# Monitor upgrade time!



## Jkist (Feb 12, 2021)

Hello good people!

I am looking to upgrade monitors here soon. I am currently on Kali LP6s, here is what they look like in my current room:






I do a wide variety of music styles, including bass-heavier electronic stuff, so I am looking for monitors capable of sub-40hz.

Basically I've narrowed it down to two: The Hedd Type 07 mk2 and the APS Klasik 2020. The Hedds are considerably more expensive, $1900 vs $1100 for the Klasiks. The Hedds are capable of lower frequencies, and are front ported. You can also block the ports off completely, so it effectively becomes a sealed type speaker.

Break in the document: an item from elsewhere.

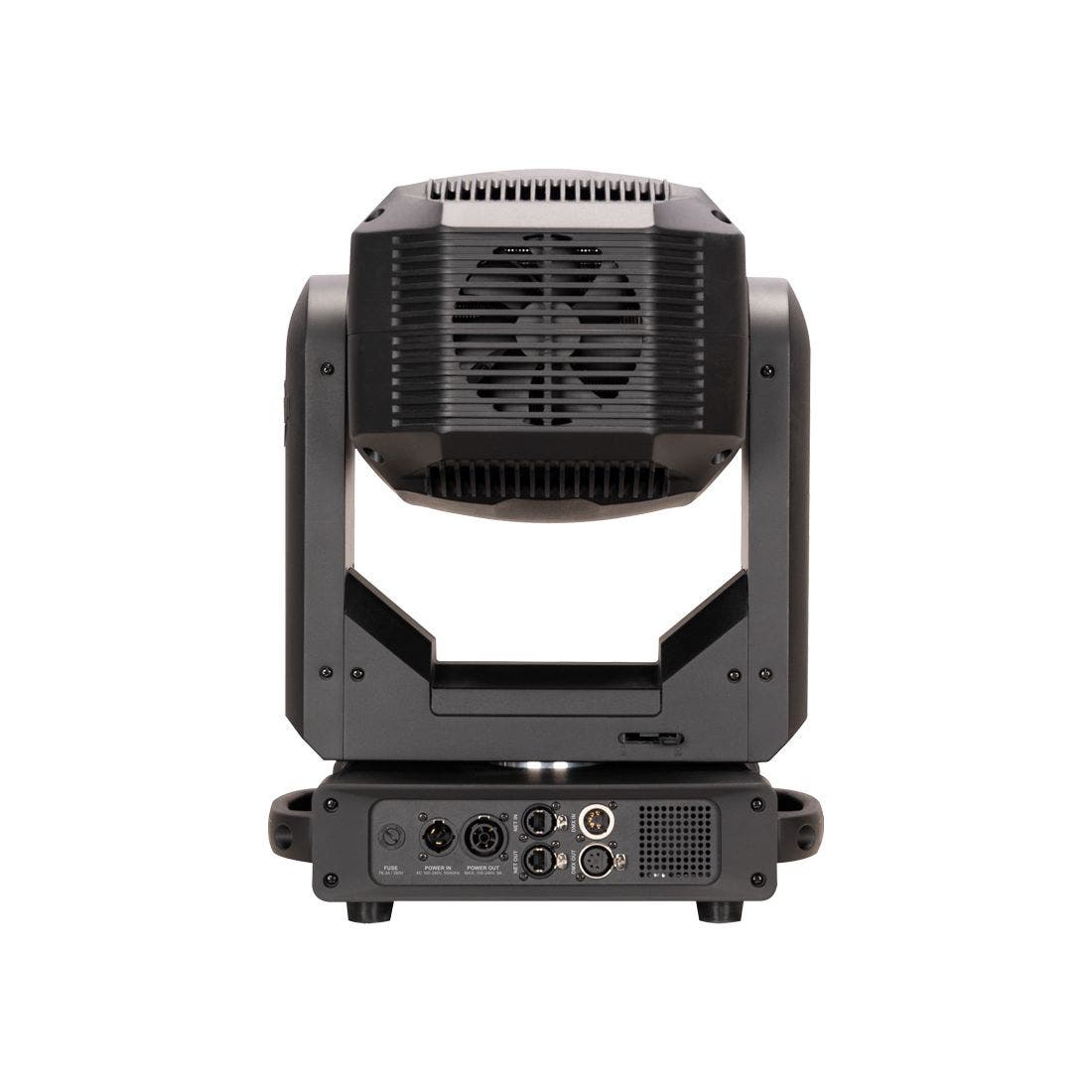 Focus CMY Compact - ADJ Select | Bellalite Focus CMY Compact - ADJ Select | Bellalite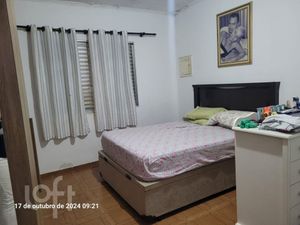 Image 6 - 757807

The Klasiks are pretty universally praised. I don't know if the sound difference between these monitors warrants the $800 difference. Does anybody own either of these yet? Or older models, how did they hold up for you? Any info I can get helps, thanks!


----------



## horuhoru (Feb 17, 2021)

Hi Jkist, 
I'm in the same boat as well. 

If anybody could share their infos, that'll b great !


----------



## fakemaxwell (Feb 17, 2021)

If you're spending that much $$$, you need to spend the time and demo. No amount of reading is going to let you know 1. What speaker you prefer and 2. What speaker sounds best in your room.

It's a bit annoying, especially nowadays, but knowing for sure that you prefer X over Y will save you headaches in the long run.


----------



## Jkist (Feb 17, 2021)

fakemaxwell said:


> If you're spending that much $$$, you need to spend the time and demo. No amount of reading is going to let you know 1. What speaker you prefer and 2. What speaker sounds best in your room.
> 
> It's a bit annoying, especially nowadays, but knowing for sure that you prefer X over Y will save you headaches in the long run.


I plan to order both and send back whichever one I prefer less. However, they are proving to be very hard to find. Thus me trying to find further info outside of my own pursuits. I don't disagree with you, but any info I can obtain right now is helpful.


----------



## Instrugramm (Feb 24, 2021)

Just my two cents, I'd actually recommend to get speakers that are fairly flat until 80 hz (+ go down to 50 hz max) and supplement them with two subwoofers that can be controlled separately. Bass is fairly hard to cope with in any room, no matter how good the treatment, so having exceptional monitors for treble and midrange with the option of adding the bass and substracting it with a few clicks is the best you can do for mixing and keeping track of true full range (flatter response + better extension than any full range speaker.


----------



## Gabriel S. (Feb 25, 2021)

As others said, at the end is a matter of taste, personal preferences and trial and error (and your room...). The last months I've tested Amphion One18, Two18, PMC IB1 and Tyler D1X...and I liked none of them . I prefered what I already have + subwoofers.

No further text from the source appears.